1.4 Rapid Deflection Testing Technology
The deflection value of pavement is an important parameter that characterizes the overall strength of road subgrade and pavement, reflecting the overall strength and stiffness of each structural layer of the pavement and the subgrade, and also directly reflecting the performance of the pavement. It is an important reference index for pavement design, acceptance, and maintenance. The measurement results can be used to assess the bearing capacity of the road and predict the remaining service life of the road. Therefore, it is particularly important to inspect the pavement structure. The "Highway Engineering Quality Inspection and Evaluation Standards" (JTGF80-1-2004) stipulates that China uses three measurement methods for road deflection: the Benkelman Beam, automatic deflection device, and falling weight deflectometer, which measure static rebound deflection, total deflection, and dynamic deflection, respectively. The Benkelman Beam has been used as the standard method and basic parameter for pavement design in China, and the measurement results of other methods need to be converted into static rebound deflection. The "Field Test Procedures for Highway Subgrade and Pavement" TJE60-2008 stipulates that deflection measurement is carried out by sampling, with the inspection mileage controlled within 20% of the maintenance mileage, and the amount of inspection data not less than 20 points/(km lane). These measurement and testing methods have obvious shortcomings: ① Low measurement efficiency. If one measurement point is measured every 20 meters, the measurement speed can only reach 3~5km/h, which cannot meet the needs of network-level deflection measurement; ② Poor safety. These devices are all stop-and-go measurement modes, especially when measuring on expressways, it is easy to have safety accidents. ③ Large traffic impact. During measurement, traffic control is required. ④ The measurement results cannot meet the evaluation needs of existing roads. The static sampling measurement method cannot simulate the pavement deflection generated by variable-speed moving loads under normal traffic conditions, and the measurement results do not reflect the actual dynamic characteristics of vehicle operation. At the same time, the deflection values of a limited number of discrete points cannot truly represent the deflection of the entire road[20].
Rapid deflection measurement technology uses heavy trucks as the measurement platform, with the rear axle weight reaching 100kN through counterweight, and the measurement deflection basin is not less than 4 m, requiring normal measurement within the normal traffic speed range of 20~90 km/h. Internationally, rapid deflection measurement technology has two technical approaches based on traditional "force-displacement" distance measurement methods and indirect measurement methods based on pavement deformation speed. The measurement method based on distance measurement measures the displacement of the same point or section under load/no-load conditions by continuous measurement to calculate the deflection; the measurement method based on pavement deformation speed measures the deformation speed of the pavement under dynamic load and inverses the pavement deflection. The basic principle is that the first derivative of displacement is the deflection slope[21], and the deflection slope is defined as the ratio of pavement deformation speed to vehicle speed, so the pavement deflection can be converted by measuring the pavement deformation speed. Experiments show that the distance-based technology requires multiple sampling for each measurement due to the influence of measurement speed, pavement curvature, etc., while the deformation speed-based measurement method only requires one sampling for each measurement, which is suitable for high-speed measurement.

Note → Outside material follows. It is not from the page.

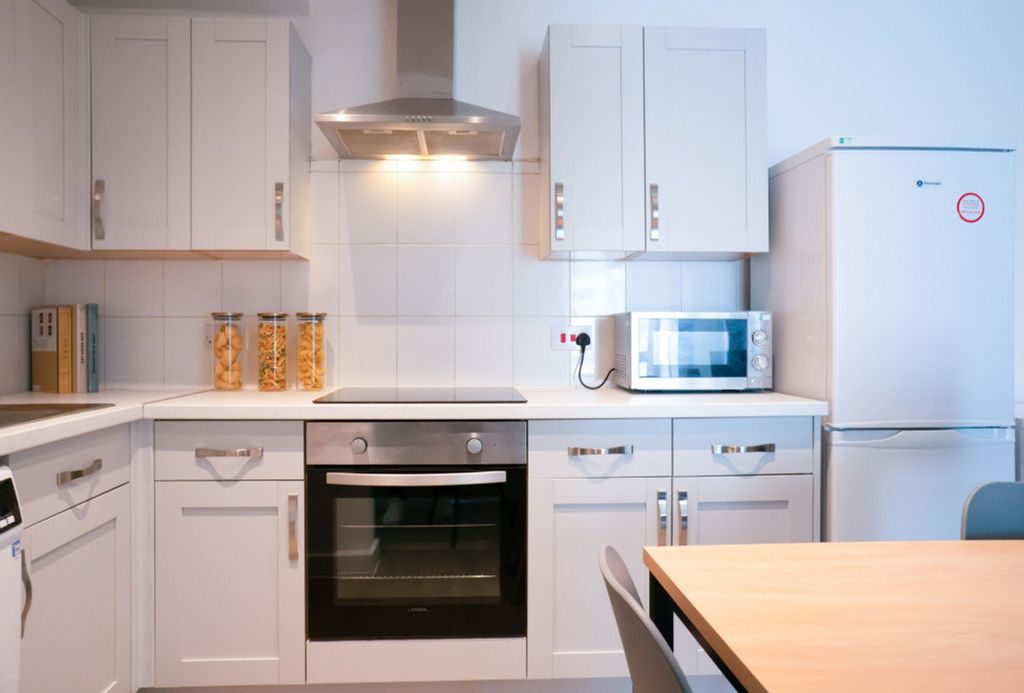 Property photo 3 of 7 A Modern And Clean Kitchenette Featuring Ample Sto...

The deflection measurement method based on pavement deformation speed is based on the theory of elastic foundation beam[22] (beam on elastic foundation, BOEF), which simplifies the pavement structure layer (including surface layer, base layer, and cushion layer) into an infinite long beam on an elastic foundation, transforming the measurement of pavement deflection into the measurement of beam deflection. The deflection calculation formula is shown in Table 1.
In Table 1, parameters A and B are related to the load force F, subgrade bed coefficient k, pavement stiffness modulus E, the position x where calculation or measurement is to be made, and the pavement rotational inertia I. In practical calculations, a system of equations can be established to avoid independently obtaining each parameter. By setting up the system of equations (4), parameters A and B can be solved, and subsequently, the deflection can be calculated.
As shown in Figure 2, the rapid deflection measurement system consists of a towing truck and a trailer. The trailer's rear axle has a weight of 100 kN, and on the trailer, a 4-meter-long rigid beam is installed. On the beam, various measurement sensors such as a Doppler vibrometer (Polytec), IMU, laser rangefinder, and infrared thermometer are mounted. The Doppler sensor measures the speed of pavement deformation, the IMU measures the pitch, roll, and yaw rates of the beam, and a high-precision GPS/DMI measures the vehicle's travel speed and performs positioning. The Doppler sensors are mounted on the rigid beam to ensure that the motion of the four Doppler sensors remains synchronized without relative movement. The installation of the four Doppler sensors should be as parallel as possible, located at 100mm, 300mm, 750mm, and 3600mm respectively. The sensor at 3600mm is used for reference measurement, while the other three are used for measuring the deformation speed within the actual deflection basin.